> [Dataset section]

————————

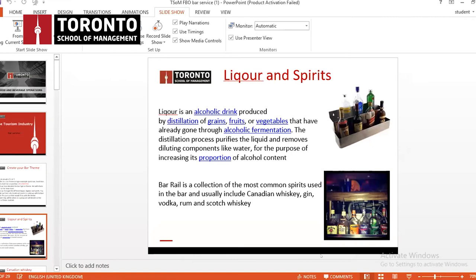Wine reaches a certain point of fermentation and the percentage of alcohol can max out at maybe 15%, and that's wine. You can take that wine and distill it, which brings the alcohol content higher. Distillation is basically the removal of water — you remove the liquid content to bring the alcohol content higher. That's what happens with liquor; that's how liquor is made.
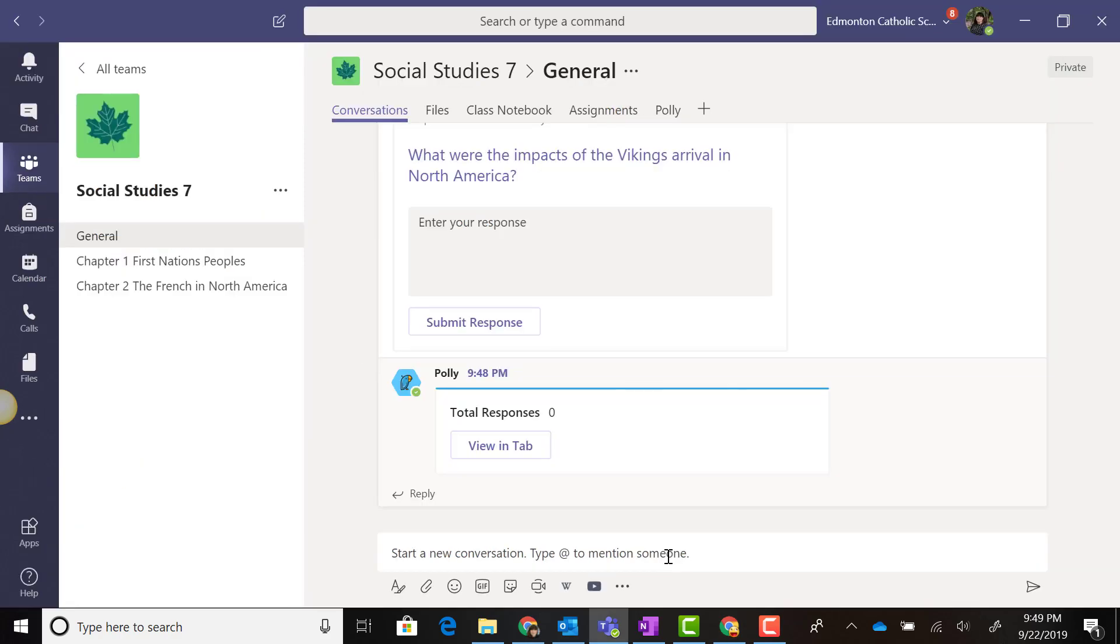Thanks to messaging extensions, I can include rich content from a wide variety of apps in the Conversations tab of a channel of a team. As well, I can use these same apps I've installed to enhance my messages in my team's chat conversations.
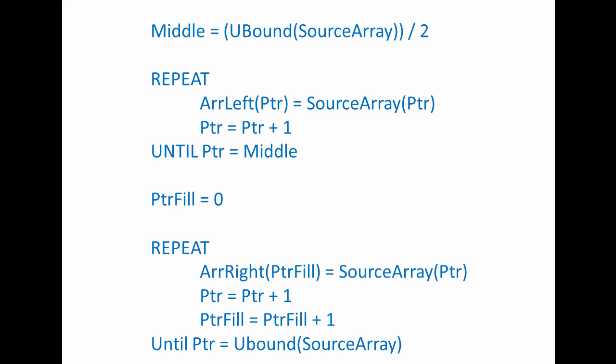That's actually all we need, because item one of the source array becomes item one of the target array. Item two of the source array becomes item two of the target array, and so on. The loop is complete when PTR reaches the midpoint of the source array.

————————

> [Task to carry out] Precisely the lines from the one containing "Thanks to messaging" to the end of the data above, both included, should be printed; leave the pictures out.

> [Result below]
Thanks to messaging extensions, I can include rich content from a wide variety of apps in the Conversations tab of a channel of a team. As well, I can use these same apps I've installed to enhance my messages in my team's chat conversations.
That's actually all we need, because item one of the source array becomes item one of the target array. Item two of the source array becomes item two of the target array, and so on. The loop is complete when PTR reaches the midpoint of the source array.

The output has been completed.